■ Exercise directions
Repeat the lines below exactly as written, please, from the line with "Get ready to" to the line with "Milwaukee PERFECT MATCH", both lines included, and no others.

*** Material provided Section Begins ***

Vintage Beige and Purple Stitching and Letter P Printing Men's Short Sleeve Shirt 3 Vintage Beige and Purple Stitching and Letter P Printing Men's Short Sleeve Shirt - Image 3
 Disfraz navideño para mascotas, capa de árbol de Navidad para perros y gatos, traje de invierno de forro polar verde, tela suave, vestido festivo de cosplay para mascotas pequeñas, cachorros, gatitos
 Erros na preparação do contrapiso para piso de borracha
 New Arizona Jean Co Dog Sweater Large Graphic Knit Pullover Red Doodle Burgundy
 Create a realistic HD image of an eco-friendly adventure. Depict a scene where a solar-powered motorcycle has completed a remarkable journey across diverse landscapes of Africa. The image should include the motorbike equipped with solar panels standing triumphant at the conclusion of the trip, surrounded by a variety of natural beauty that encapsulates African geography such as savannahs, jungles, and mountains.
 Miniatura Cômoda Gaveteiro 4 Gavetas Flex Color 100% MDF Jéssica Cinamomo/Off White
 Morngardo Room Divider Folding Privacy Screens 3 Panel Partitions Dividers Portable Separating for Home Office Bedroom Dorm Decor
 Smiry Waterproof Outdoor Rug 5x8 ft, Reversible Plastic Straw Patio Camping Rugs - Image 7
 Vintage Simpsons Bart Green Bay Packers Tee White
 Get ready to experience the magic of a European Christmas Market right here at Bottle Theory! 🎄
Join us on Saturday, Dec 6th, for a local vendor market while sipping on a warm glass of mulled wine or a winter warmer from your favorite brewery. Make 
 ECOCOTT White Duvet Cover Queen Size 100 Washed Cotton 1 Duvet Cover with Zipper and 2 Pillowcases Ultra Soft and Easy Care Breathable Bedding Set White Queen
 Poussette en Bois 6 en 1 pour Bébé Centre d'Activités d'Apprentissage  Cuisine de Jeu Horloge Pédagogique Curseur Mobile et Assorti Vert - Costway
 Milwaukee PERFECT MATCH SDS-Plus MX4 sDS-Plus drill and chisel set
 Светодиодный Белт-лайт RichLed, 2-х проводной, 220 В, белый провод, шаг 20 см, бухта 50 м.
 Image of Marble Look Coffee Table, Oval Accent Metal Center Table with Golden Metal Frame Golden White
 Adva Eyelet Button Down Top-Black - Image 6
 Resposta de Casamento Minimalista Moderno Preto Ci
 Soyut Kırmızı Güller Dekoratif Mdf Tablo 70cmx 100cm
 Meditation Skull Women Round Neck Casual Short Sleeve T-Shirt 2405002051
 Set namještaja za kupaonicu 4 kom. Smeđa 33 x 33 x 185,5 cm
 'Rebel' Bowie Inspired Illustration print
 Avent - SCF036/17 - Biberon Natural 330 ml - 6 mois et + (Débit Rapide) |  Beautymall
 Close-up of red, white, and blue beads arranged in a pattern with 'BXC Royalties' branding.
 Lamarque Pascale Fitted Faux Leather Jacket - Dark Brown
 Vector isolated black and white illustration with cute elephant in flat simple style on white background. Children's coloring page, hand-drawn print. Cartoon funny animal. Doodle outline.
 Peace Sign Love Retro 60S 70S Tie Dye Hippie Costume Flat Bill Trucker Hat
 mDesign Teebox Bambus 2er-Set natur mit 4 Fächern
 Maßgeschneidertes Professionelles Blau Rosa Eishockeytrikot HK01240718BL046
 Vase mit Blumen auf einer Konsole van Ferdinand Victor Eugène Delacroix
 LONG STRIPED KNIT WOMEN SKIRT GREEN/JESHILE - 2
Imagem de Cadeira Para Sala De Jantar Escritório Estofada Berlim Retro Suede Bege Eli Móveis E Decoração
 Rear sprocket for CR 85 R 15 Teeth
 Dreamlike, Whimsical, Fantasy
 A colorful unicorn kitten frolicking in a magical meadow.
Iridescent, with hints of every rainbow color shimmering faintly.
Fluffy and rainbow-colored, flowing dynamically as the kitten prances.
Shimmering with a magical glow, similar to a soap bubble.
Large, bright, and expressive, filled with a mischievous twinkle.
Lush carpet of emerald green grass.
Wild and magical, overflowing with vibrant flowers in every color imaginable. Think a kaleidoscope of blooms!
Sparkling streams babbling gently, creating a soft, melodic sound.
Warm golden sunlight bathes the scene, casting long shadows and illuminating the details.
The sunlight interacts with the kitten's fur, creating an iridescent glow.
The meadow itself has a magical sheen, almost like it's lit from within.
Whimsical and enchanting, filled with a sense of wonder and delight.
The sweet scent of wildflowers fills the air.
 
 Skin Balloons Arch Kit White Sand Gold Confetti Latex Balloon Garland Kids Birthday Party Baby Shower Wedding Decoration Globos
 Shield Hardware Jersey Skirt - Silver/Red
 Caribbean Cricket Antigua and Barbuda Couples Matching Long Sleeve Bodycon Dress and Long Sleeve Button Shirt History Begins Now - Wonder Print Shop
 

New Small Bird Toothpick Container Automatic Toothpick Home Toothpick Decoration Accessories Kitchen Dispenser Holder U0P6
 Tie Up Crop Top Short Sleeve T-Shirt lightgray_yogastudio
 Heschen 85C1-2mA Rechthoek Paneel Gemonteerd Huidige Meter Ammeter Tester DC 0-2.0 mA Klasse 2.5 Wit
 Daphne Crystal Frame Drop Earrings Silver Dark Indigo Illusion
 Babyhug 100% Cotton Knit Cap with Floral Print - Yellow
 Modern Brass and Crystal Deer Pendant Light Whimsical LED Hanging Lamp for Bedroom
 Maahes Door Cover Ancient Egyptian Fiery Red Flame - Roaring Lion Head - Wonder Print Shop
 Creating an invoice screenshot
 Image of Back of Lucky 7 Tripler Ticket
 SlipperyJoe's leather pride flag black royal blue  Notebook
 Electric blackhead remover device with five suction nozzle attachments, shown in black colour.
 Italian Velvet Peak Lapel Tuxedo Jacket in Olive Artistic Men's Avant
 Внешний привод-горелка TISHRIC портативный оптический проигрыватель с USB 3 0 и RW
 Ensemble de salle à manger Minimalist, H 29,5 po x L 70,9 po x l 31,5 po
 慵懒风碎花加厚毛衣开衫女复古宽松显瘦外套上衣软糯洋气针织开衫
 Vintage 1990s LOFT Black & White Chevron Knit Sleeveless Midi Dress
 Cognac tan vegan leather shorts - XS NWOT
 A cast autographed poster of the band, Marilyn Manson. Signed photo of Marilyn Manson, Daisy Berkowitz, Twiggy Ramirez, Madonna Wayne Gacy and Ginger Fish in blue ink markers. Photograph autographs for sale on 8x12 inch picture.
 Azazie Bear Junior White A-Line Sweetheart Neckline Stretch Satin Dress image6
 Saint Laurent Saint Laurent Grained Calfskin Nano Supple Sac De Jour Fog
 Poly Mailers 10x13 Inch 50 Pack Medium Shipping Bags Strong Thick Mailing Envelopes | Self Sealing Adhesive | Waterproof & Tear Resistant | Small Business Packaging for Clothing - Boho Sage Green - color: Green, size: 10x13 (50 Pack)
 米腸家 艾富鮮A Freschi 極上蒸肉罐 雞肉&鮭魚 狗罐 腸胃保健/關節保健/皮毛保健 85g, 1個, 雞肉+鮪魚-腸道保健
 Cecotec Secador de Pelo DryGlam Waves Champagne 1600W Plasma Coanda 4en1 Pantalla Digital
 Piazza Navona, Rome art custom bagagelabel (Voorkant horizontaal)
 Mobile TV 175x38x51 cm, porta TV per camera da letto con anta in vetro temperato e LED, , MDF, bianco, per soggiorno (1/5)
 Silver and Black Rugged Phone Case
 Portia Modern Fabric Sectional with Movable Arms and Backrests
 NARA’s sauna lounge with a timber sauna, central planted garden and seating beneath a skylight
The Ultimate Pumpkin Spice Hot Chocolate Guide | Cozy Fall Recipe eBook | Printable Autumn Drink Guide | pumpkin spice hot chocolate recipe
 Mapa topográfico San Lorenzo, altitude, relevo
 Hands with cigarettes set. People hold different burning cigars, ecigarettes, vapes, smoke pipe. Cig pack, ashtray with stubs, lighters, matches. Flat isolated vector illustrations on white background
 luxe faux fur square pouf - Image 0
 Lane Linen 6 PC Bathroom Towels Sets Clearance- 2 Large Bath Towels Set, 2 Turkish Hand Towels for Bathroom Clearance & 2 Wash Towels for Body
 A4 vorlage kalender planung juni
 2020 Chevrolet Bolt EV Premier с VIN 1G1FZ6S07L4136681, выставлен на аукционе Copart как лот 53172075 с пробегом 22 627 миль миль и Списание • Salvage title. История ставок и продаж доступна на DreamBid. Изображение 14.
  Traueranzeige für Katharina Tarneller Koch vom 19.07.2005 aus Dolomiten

*** Material provided Section Ends ***

■ Exercise output
 Get ready to experience the magic of a European Christmas Market right here at Bottle Theory! 🎄
Join us on Saturday, Dec 6th, for a local vendor market while sipping on a warm glass of mulled wine or a winter warmer from your favorite brewery. Make 
 ECOCOTT White Duvet Cover Queen Size 100 Washed Cotton 1 Duvet Cover with Zipper and 2 Pillowcases Ultra Soft and Easy Care Breathable Bedding Set White Queen
 Poussette en Bois 6 en 1 pour Bébé Centre d'Activités d'Apprentissage  Cuisine de Jeu Horloge Pédagogique Curseur Mobile et Assorti Vert - Costway
 Milwaukee PERFECT MATCH SDS-Plus MX4 sDS-Plus drill and chisel set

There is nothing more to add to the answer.